Data supplied:
- - - - - - -
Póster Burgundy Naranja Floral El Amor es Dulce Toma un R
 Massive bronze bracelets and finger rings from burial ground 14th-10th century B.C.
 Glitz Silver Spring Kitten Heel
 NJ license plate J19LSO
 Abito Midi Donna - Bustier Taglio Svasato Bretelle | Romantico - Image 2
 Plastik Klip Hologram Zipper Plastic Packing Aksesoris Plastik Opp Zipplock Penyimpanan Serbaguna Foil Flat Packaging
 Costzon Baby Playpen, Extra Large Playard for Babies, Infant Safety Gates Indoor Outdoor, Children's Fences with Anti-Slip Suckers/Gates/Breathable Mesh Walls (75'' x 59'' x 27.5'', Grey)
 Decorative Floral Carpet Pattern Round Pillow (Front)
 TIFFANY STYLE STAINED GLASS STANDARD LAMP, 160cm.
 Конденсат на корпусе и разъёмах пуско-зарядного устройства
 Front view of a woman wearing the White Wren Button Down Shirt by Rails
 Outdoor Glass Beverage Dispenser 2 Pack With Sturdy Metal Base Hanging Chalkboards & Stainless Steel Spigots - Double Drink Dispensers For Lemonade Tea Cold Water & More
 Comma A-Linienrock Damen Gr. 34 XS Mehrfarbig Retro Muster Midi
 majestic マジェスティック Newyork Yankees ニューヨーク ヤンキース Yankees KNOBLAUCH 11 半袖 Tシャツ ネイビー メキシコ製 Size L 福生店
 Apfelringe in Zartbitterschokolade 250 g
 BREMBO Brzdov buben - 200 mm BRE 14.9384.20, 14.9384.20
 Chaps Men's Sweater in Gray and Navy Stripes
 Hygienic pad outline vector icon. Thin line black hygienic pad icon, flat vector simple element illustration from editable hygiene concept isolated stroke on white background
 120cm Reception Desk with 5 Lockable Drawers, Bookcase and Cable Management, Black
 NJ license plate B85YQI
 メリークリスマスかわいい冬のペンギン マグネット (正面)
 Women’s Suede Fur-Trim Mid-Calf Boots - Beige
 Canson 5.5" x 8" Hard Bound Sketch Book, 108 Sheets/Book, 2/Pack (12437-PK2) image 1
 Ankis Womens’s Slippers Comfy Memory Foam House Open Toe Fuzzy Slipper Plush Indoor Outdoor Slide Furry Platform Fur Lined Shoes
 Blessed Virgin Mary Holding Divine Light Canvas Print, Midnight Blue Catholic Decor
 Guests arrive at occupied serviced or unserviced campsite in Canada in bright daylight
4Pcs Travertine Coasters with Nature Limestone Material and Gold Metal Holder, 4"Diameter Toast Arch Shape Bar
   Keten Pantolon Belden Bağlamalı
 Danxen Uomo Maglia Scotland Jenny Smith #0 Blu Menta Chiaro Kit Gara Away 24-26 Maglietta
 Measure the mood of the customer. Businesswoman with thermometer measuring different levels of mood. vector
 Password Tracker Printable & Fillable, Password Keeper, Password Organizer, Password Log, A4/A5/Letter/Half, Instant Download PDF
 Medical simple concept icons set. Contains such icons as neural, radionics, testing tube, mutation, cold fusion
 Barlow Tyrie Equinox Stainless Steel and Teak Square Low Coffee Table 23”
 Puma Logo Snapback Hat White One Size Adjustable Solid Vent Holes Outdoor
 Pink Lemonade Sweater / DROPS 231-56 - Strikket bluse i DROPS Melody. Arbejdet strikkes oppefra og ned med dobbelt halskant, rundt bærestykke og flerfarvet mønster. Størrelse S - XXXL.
- - - - - - -
To do: From the line that contains "BREMBO Brzdov buben" down to the last line of the material above, copy every line word for word, both ends included.

Exercise response:
 BREMBO Brzdov buben - 200 mm BRE 14.9384.20, 14.9384.20
 Chaps Men's Sweater in Gray and Navy Stripes
 Hygienic pad outline vector icon. Thin line black hygienic pad icon, flat vector simple element illustration from editable hygiene concept isolated stroke on white background
 120cm Reception Desk with 5 Lockable Drawers, Bookcase and Cable Management, Black
 NJ license plate B85YQI
 メリークリスマスかわいい冬のペンギン マグネット (正面)
 Women’s Suede Fur-Trim Mid-Calf Boots - Beige
 Canson 5.5" x 8" Hard Bound Sketch Book, 108 Sheets/Book, 2/Pack (12437-PK2) image 1
 Ankis Womens’s Slippers Comfy Memory Foam House Open Toe Fuzzy Slipper Plush Indoor Outdoor Slide Furry Platform Fur Lined Shoes
 Blessed Virgin Mary Holding Divine Light Canvas Print, Midnight Blue Catholic Decor
 Guests arrive at occupied serviced or unserviced campsite in Canada in bright daylight
4Pcs Travertine Coasters with Nature Limestone Material and Gold Metal Holder, 4"Diameter Toast Arch Shape Bar
   Keten Pantolon Belden Bağlamalı
 Danxen Uomo Maglia Scotland Jenny Smith #0 Blu Menta Chiaro Kit Gara Away 24-26 Maglietta
 Measure the mood of the customer. Businesswoman with thermometer measuring different levels of mood. vector
 Password Tracker Printable & Fillable, Password Keeper, Password Organizer, Password Log, A4/A5/Letter/Half, Instant Download PDF
 Medical simple concept icons set. Contains such icons as neural, radionics, testing tube, mutation, cold fusion
 Barlow Tyrie Equinox Stainless Steel and Teak Square Low Coffee Table 23”
 Puma Logo Snapback Hat White One Size Adjustable Solid Vent Holes Outdoor
 Pink Lemonade Sweater / DROPS 231-56 - Strikket bluse i DROPS Melody. Arbejdet strikkes oppefra og ned med dobbelt halskant, rundt bærestykke og flerfarvet mønster. Størrelse S - XXXL.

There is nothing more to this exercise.